TASK DETAILS =>
Write the listing below out again exactly, dropping the images.

EXERCISE DATA =>
*** Block opens ***

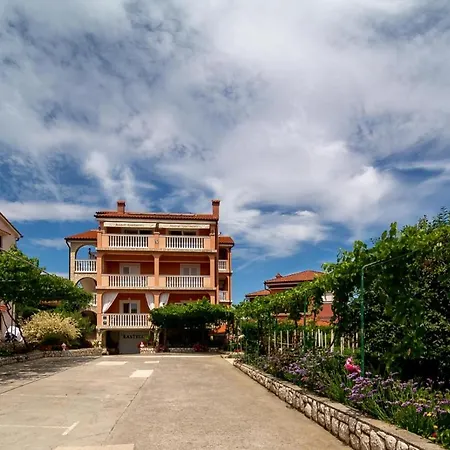 Appartement In With Air Conditioning, Wifi 4886-5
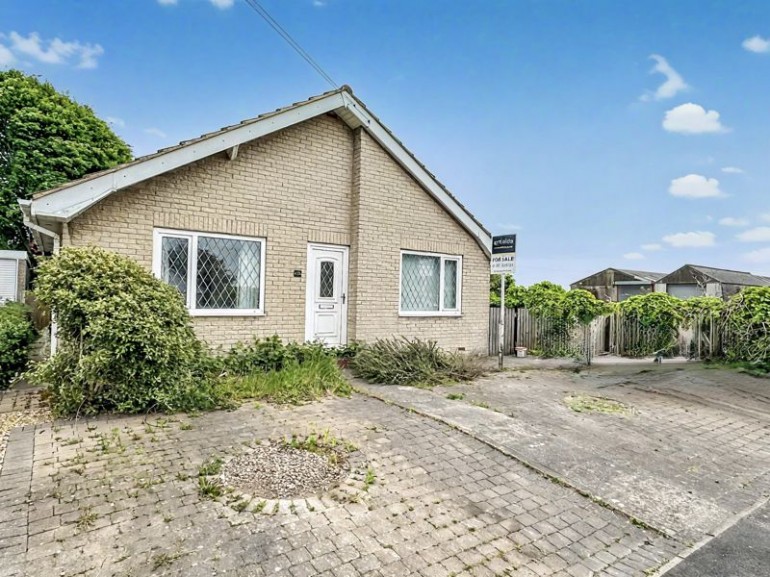 Katrina Grove, Featherstone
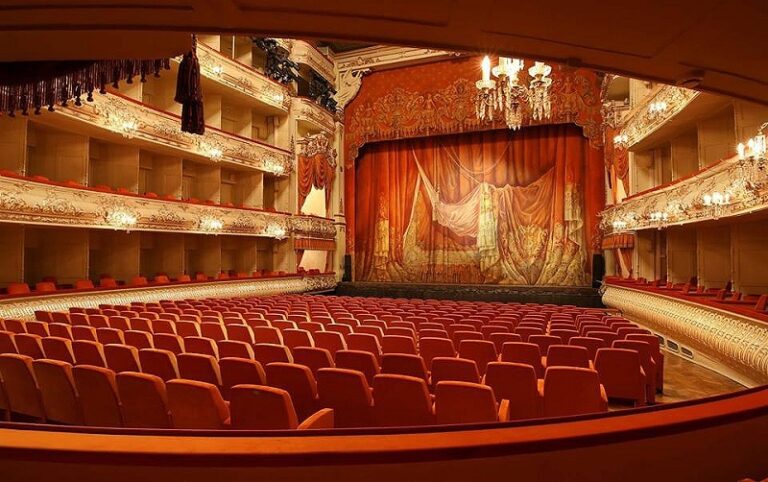 kresla-v-teatre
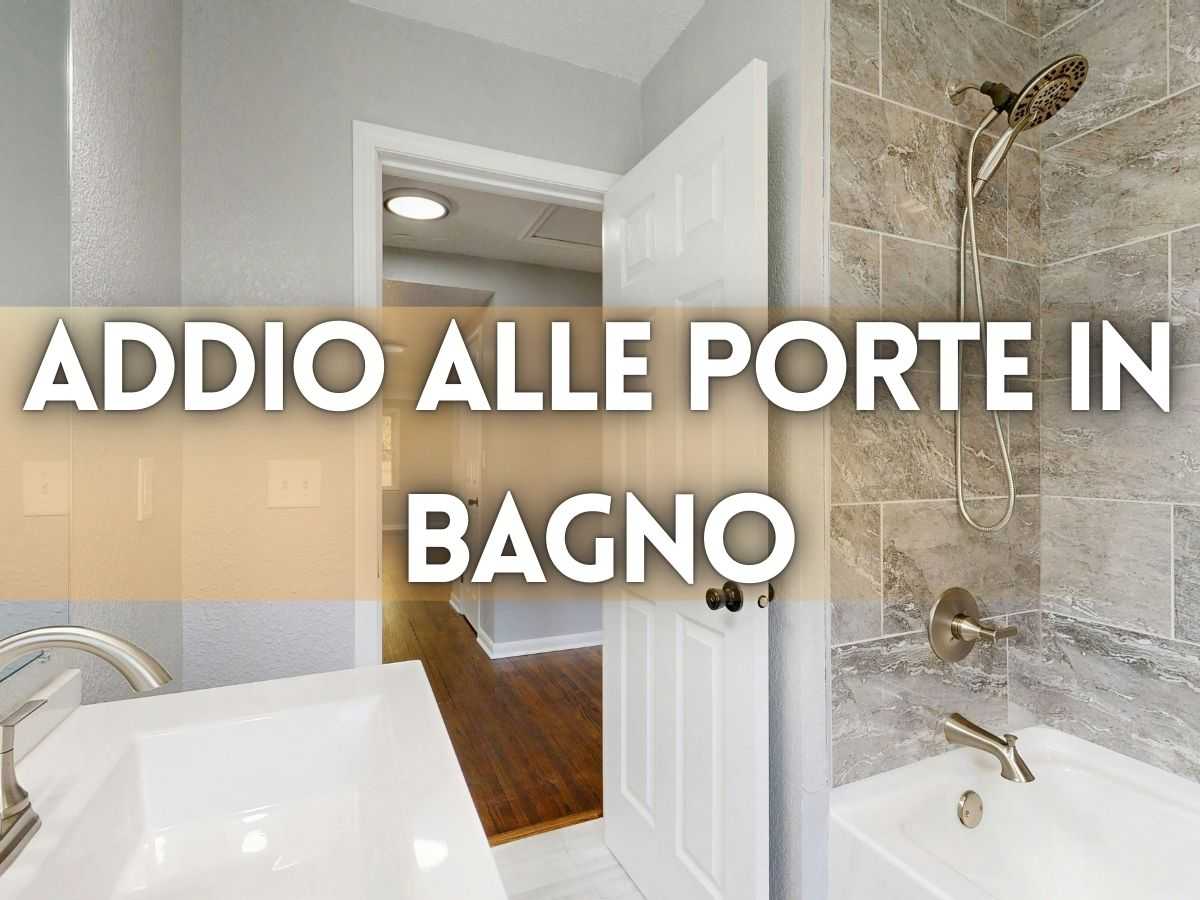 un bagno con una porta bianca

*** Block closes ***

EXERCISE ANSWER =>
 Appartement In With Air Conditioning, Wifi 4886-5
 Katrina Grove, Featherstone
 kresla-v-teatre
 un bagno con una porta bianca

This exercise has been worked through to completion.